Это общее положение непосредственно и в полной мере приложимо и к сталинской эпохе, особенно на зрелых этапах ее эволюции. Процесс образования привилегированных слоев в Советском Союзе начался, собственно, еще во времена Ленина. Однако тогда он имел лишь зачаточный характер и сравнительно ограниченные масштабы. Причем формы привилегий носили довольно скромный характер и зачастую диктовались объективными условиями суровой обстановки. В этом плане они даже имели какое-то, пусть и весьма шаткое, но некое подобие оправдания.
По мере утверждения власти Сталина этот процесс стал обретать устойчивый характер и широкие масштабы. Собственно, многие биографы вождя, особенно резко критически настроенные по отношению к нему, такие, например, как Троцкий, в формировании партийно-государственной бюрократии усматривают главную опору создававшейся Сталиным системы власти в стране. Главный критик и оппонент Сталина также не совсем ясно и точно представлял себе, как можно свергнуть Сталина, ставя вопрос всего лишь о реформировании системы власти. Пойти на призыв к устранению самой этой системы троцкисты в силу понятных причин не могли, ибо это было бы равнозначно признанию с их стороны порочности самой советской власти.
Установление в советской России принципиально новой системы власти, связанной с именем ее организатора и главного архитектора Сталина, поставило перед его противниками немало довольно щекотливых теоретических и практических проблем. Прежде всего, оппоненты вождя из среды троцкистов попытались представить дело так, будто социальное содержание и основные качественные параметры созданной системы не утратили своего прежнего классового содержания. Поэтому нужно было найти какое-то внешне убедительное логическое объяснение, отталкиваясь от которого, можно было обосновать не только допустимость, но и историческую необходимость борьбы против Сталина и системы власти, созданной им.

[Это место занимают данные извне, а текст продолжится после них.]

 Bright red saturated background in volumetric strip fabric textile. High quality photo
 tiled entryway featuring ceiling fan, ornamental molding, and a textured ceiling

В истории России трудно было найти каких-либо даже самых отдаленных аналогий. Троцкий, как и многие другие, обратили свой взор к истории Франции, давшей в этом плане исключительно богатый материал. Причем классики марксизма-ленинизма в своих работах охотно оперировали примерами и аналогиями из французской истории эпохи великих потрясений и перемен. Особое место здесь занимали как сами революционные приливы, так и отливы, т. е. сочетание и взаимоотношение между революцией и контрреволюцией. Получивший, с легкой руки Маркса, права гражданства тезис о бонапартизме в политическом инструментарии большевизма стал играть роль своего рода палочки-выручалочки: к нему часто и охотно прибегали, чтобы объяснить и чисто внутренние причины резких поворотов в развитии социально-политических процессов, ареной которых являлась Россия в период после свержения царизма.